Morphological information

Types of morphological information

Morphological information is information about semantically relevant word structure; the smallest morphological unit is the morpheme, often defined as the smallest meaningful unit in a language. Morphemes should not be confused with units such as the syllable and its constituents, which are used for describing the structure of words from a pronunciation point of view, without reference to meaning.

The domain of morphology may be divided in terms of the functions of morphological operations, i.e. agreement vs. word formation, or in terms of the structures defined by morphological operations, i.e. affixation, ( prefixation, suffixation, infixation or prosodic modification) vs. compounding ( concatenation of stems or words). These two dimensions can be represented

There is an apparent gap in the use of stem or word concatenation for agreement purposes; however, so-called periphrastic constructions, typically with auxiliary verbs and participles or infinitives, may be assigned to this slot, though these constructions cannot be compared directly with standard compounds: compare English John will come with French Jean viendra. English lacks an inflectional future, but has periphrastic modal or infinitive complement future forms such as John will come tomorrow, John is going to come tomorrow, as well as the present tense as a general or neutral tense form, as in John comes tomorrow.

There are other intermediate cases which sometimes present difficulties in classification and where the solution is not always immediately obvious.

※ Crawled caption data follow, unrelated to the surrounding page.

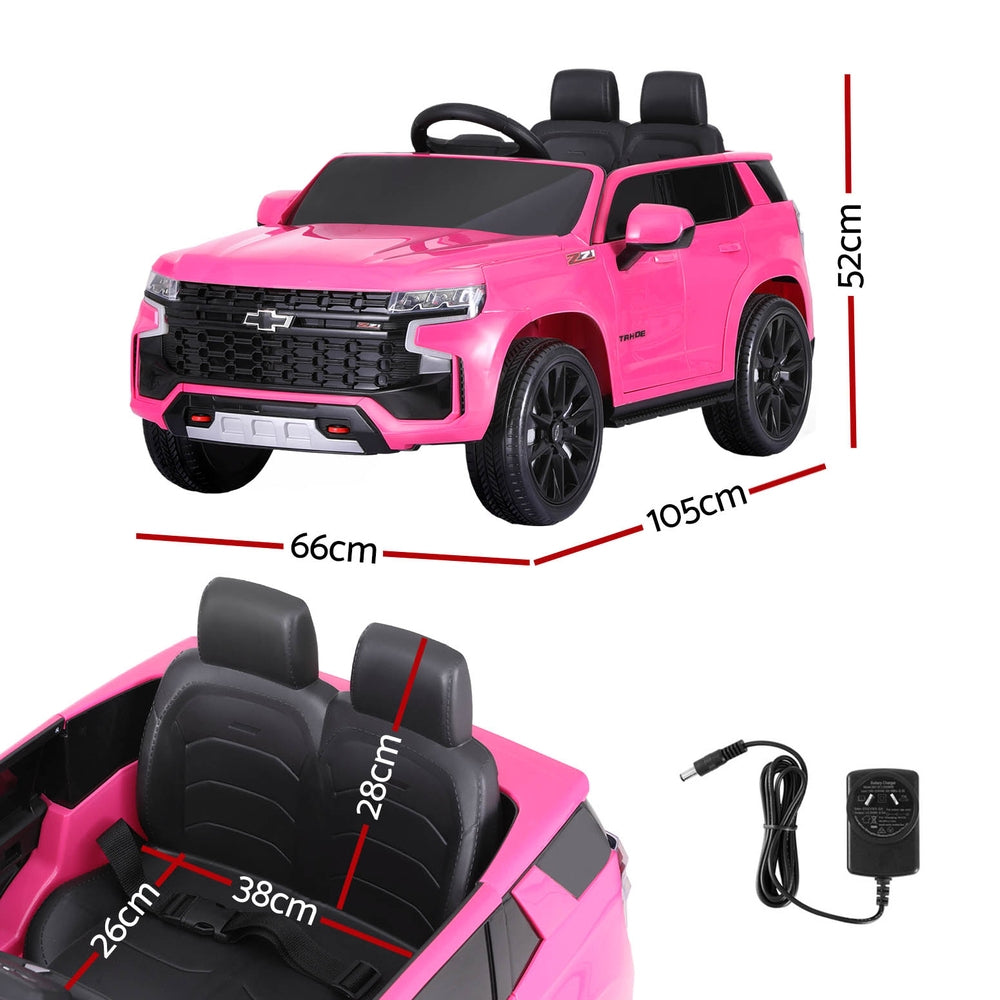Ride On Cars: Kids Ride On Car Licensed Chevrolet Tahoe Electric Toys Horn Remote 12V Pink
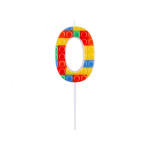Žvakutė lego kaladėlės "0"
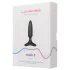 LOVENSE Hush 2 XS - piccolo vibratore anale ricaricabile (25 mm) - nero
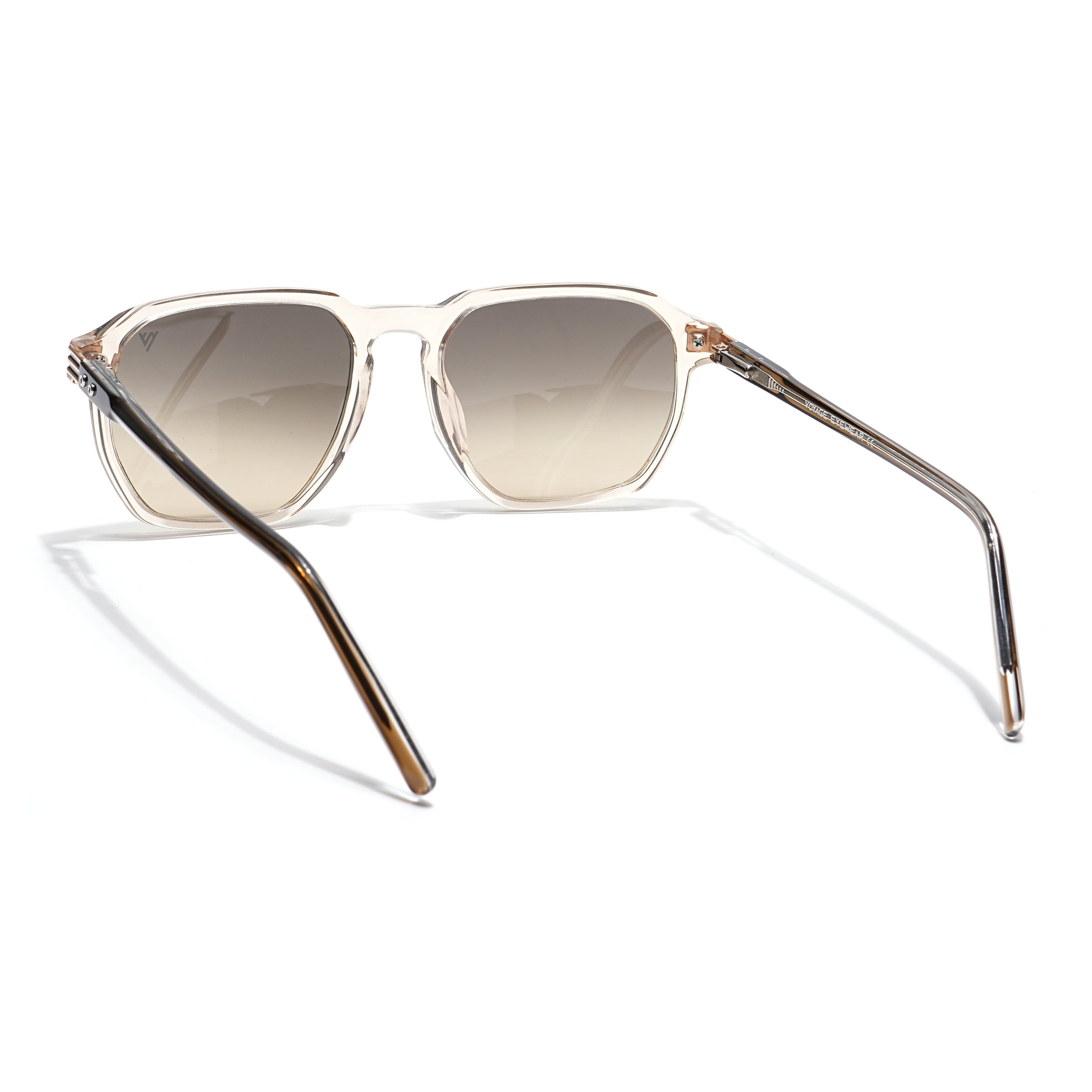 Voyage Select Square Sunglasses (Grey & Light Brown Lens | Transparent Brown Frame - SLMG6122)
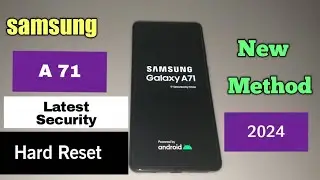 SAMSUNG A71  PIN, Pattern or Password   Unlock New Method 2024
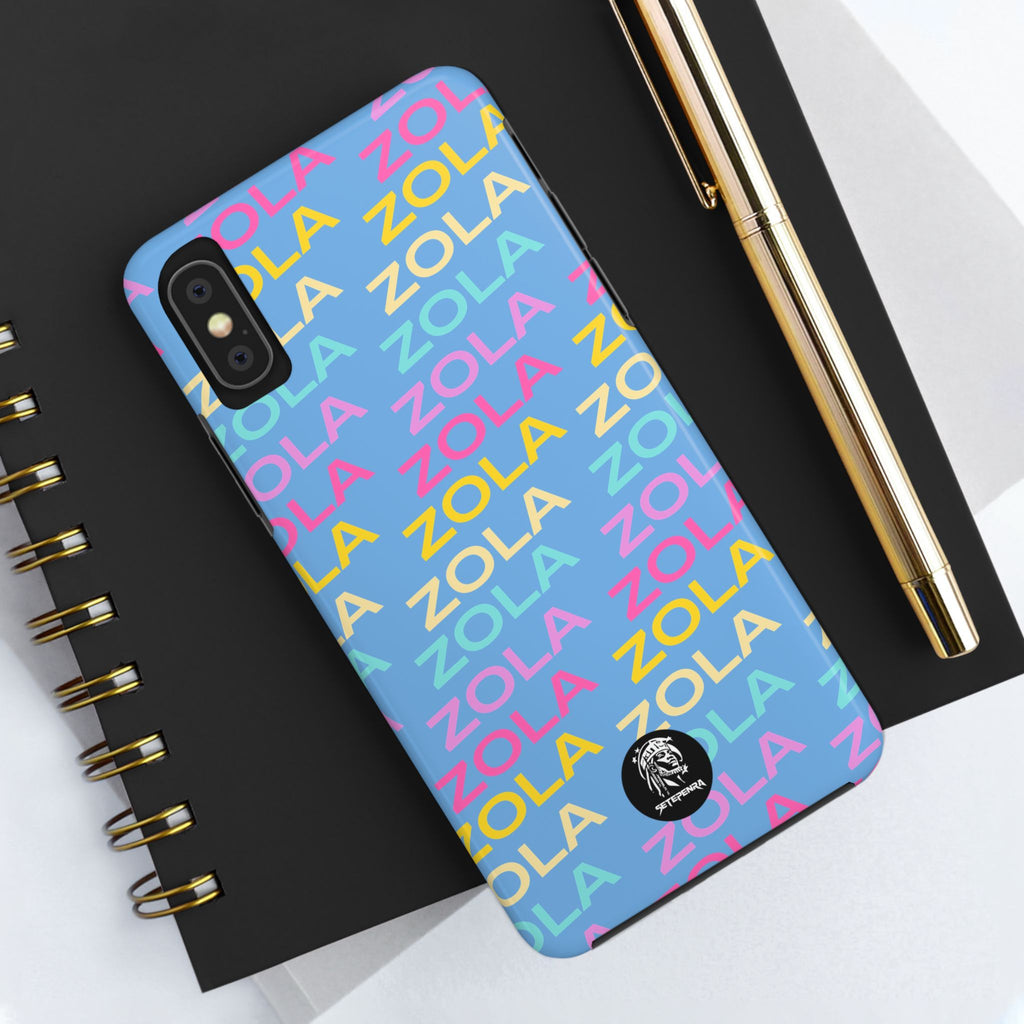 Zola Tough Phone Case (For iPhone, Galaxy & More) - Light Blue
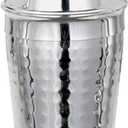 Cuisinox Stainless Steel Cocktail Shaker with Lid and Strainer, Hammered Finish, 9.4"- 24 oz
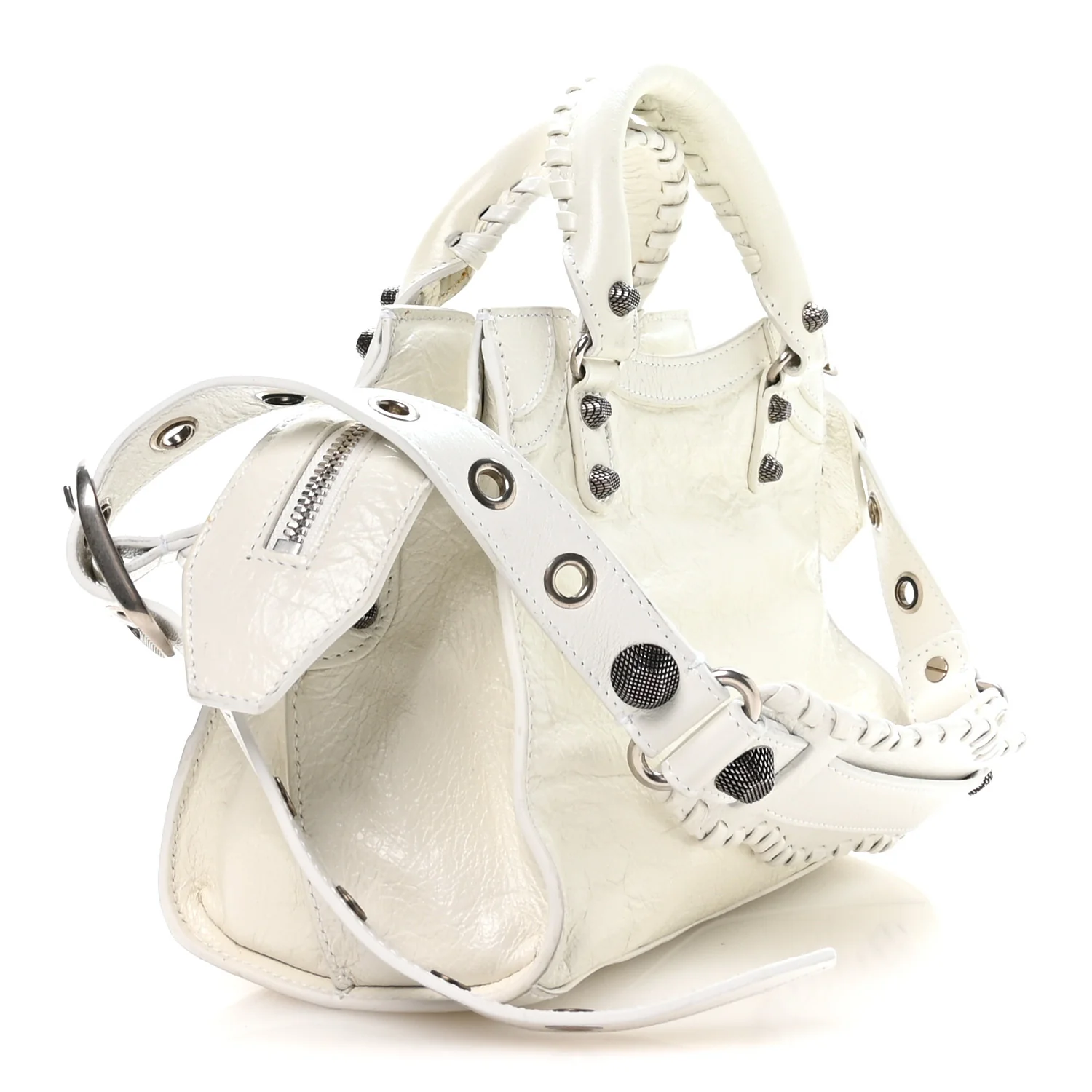 Agneau Arena Neo Cagole Handbag XS Optic White - Top Club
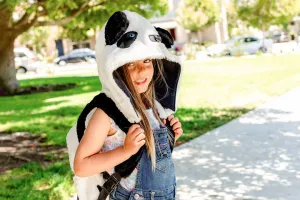Panda - Little Kids Backpack with Detachable Hood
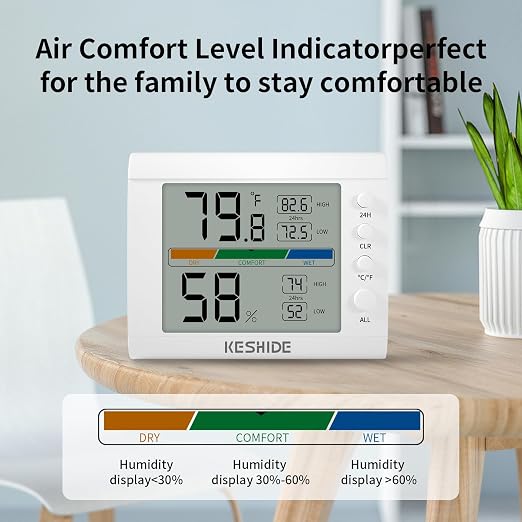 Hygrometer Thermometer Gauge Mini Digital, Monitor Indoor Outdoor Humidity - Image 3
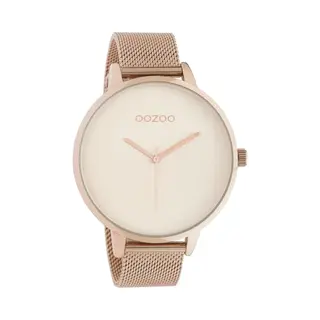 Oozoo Damen Armbanduhr Timepieces Analog Metall Rosegold UOC10864 Analoguhr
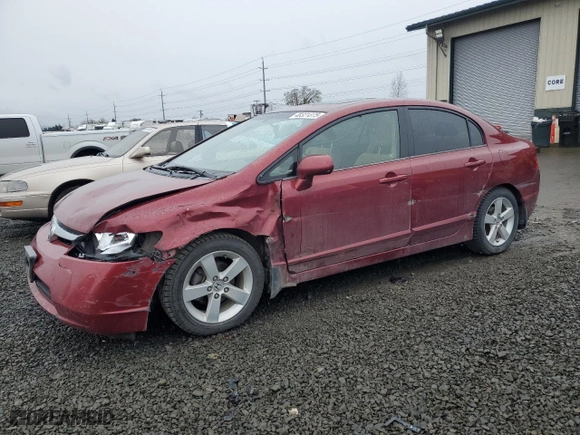 2006 Honda Civic Sdn EX with VIN JHMFA16806S013868, listed as a Copart auction lot 48321375 with 200,958 mi miles and Salvage Title. Bid and sale history available at carsss.com. Image 1.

Traditional treatments often treat these forms together with inflections, presumably because of their regularity and the involvement of suffixation. They are generally better treated as derivations, however, because they have different syntactic distributions from other inflections of the same stems, and may be additionally inflected as adjectives or nouns (cf. the perfect participle in French: On l'a vue, where it can be deduced from the feminine inflection on the participle and the rules of inflectional agreement ( inflectional congruence) that l' refers to a feminine item.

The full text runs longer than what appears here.